Only the lines below between the one holding "Hello and welcome" and the one holding "In this video, we'll", inclusive, are to be reproduced word for word; the pictures are to be left out.

**Data**
▼

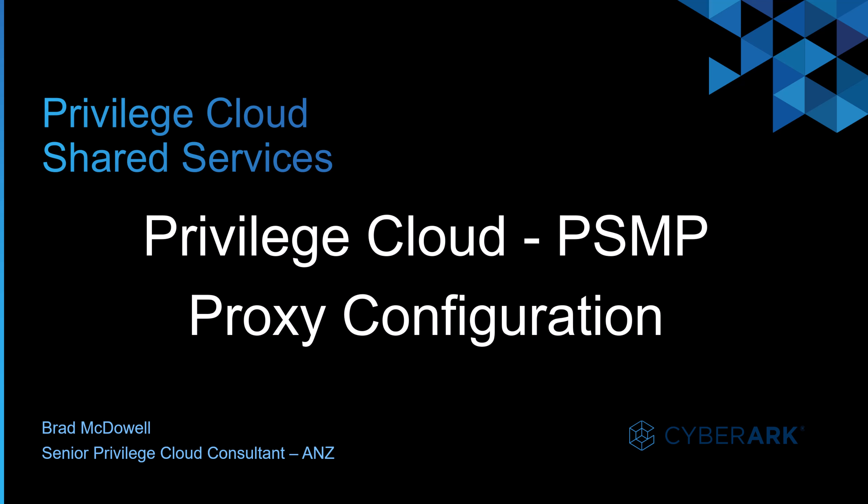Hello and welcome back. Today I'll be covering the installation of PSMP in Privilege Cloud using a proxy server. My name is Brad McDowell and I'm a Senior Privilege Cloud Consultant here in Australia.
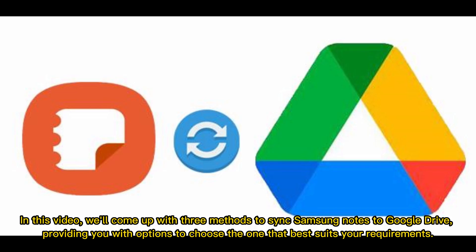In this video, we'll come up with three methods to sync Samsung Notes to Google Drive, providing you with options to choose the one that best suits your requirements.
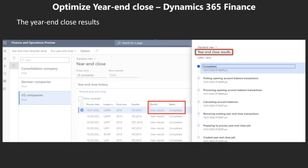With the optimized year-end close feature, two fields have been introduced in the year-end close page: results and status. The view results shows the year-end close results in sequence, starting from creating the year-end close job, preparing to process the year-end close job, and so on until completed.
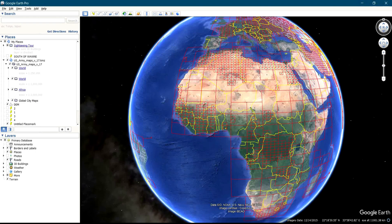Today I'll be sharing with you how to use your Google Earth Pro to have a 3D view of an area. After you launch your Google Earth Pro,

▲
▼

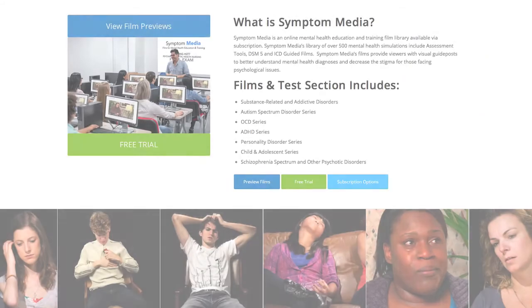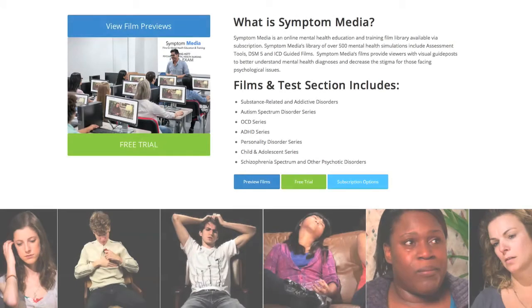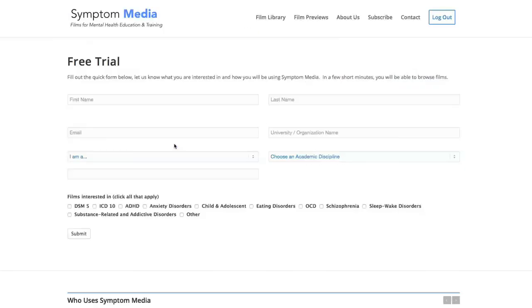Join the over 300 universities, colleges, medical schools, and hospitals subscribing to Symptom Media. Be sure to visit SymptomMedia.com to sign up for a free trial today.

▲

**Response to the task**
Hello and welcome back. Today I'll be covering the installation of PSMP in Privilege Cloud using a proxy server. My name is Brad McDowell and I'm a Senior Privilege Cloud Consultant here in Australia.
In this video, we'll come up with three methods to sync Samsung Notes to Google Drive, providing you with options to choose the one that best suits your requirements.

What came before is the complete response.